I’ve been waiting for such a chance for months now. I think I need to try a new approach.

Some say, “God helps those who help themselves.” This isn’t modern advice; it’s been around long enough that some people believe it’s from the Bible itself.  (Spoiler alert: it’s not. However, this expression can be traced as far back as ancient Greece.) It seems like sound advice, and there is at least some Biblical truth to it. There are several Bible verses that encourage us to work hard, such as Colossians 3:23:

“Work willingly at whatever you do, as though you were working for the Lord rather than for people.” Proverbs also includes plenty of warnings against the dangers of laziness.

But after these past few months of working hard, I’ve realized a bit of advice of my own: I can’t help myself. No matter what I try, I never have enough time or energy to do what needs to be done.

Why?
Because I’ve been trying to do it all on my own. And here’s another spoiler alert: I’m not strong enough to do it all on my own. None of us are.

Yes, the Bible encourages us to work hard.  But God also “blesses those who are poor and realize their need for him” (Matthew 5:3), as we discussed in Tuesday’s LivingItOut. And God definitely has no use for human pride.

However, the knowledge that we can’t do anything without God’s help should not be a discouragement. Although we “cannot be fruitful unless we remain in [Jesus],” (John 15:4), we also “can do everything through Christ, who gives [us] strength.” (Philippians 4:13)

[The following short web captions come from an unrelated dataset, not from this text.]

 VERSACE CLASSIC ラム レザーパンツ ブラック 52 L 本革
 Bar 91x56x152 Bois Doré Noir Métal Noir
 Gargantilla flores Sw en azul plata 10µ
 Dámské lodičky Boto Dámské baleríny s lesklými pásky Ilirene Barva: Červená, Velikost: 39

And while some people will debate whether “God helps those who help themselves,” there’s one thing that’s certain; when it comes to salvation, we absolutely cannot help ourselves. If salvation were entirely up to us, no one would ever be saved. But that’s alright, because God didn’t leave it up to us. Instead, he took all of it (our temptations, our sins, and the price they carry) onto himself when Jesus sacrificed his life for us on the cross.

 

Romans 5:6-8
6 When we were utterly helpless, Christ came at just the right time and died for us sinners. 7 Now, most people would not be willing to die for an upright person, though someone might perhaps be willing to die for a person who is especially good. 8 But God showed his great love for us by sending Christ to die for us while we were still sinners.

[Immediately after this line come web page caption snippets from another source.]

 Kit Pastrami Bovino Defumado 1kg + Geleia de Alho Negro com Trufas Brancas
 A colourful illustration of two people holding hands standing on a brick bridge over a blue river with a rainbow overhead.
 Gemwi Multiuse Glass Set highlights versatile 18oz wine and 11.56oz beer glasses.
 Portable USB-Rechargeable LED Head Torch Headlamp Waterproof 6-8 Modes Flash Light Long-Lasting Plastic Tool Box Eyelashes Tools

But you know what? Perhaps, even here, one might say, “God helps those who help themselves.” Yes, he paid the price on his own. There’s nothing we can do to earn it or deserve it. We can never save ourselves. At the same time, in order to experience this gift of salvation, we must accept it.  So then it is up to us.  But wait, there’s more.  Ephesians 2:8-9 states that even our very faith is a gift from God.  So we are back to God alone doing the work.  Confused?  Good.  Now your God is big enough.  I don’t know about you, but I want to follow a God who is beyond my comprehension.  If you are reading this, and you haven’t accepted Christ’s gift of salvation, I pray that you would by accepting Jesus Christ as your Savior. Please, help yourself, and enjoy, and be sure to thank God for the gift of faith to receive this salvation.

Prayer:

Heavenly Father, please help us, because we can’t help ourselves. We know it is your will for us to work hard in your name, striving to reach our rewards at the end of the race, but we also know we will not make it without your wisdom and strength. We ask that you would provide these things for us, as well as the skills and energy we need to accomplish your will. For while we can do nothing without you, we can do everything with you.

Thank you, God, for offering these things to us, and for sacrificing your Son on the cross for us. We could not save ourselves, but you made a way for us to be saved. May many see our work, and the way we rely on you instead of ourselves, and be saved. Let your will be done.  Amen.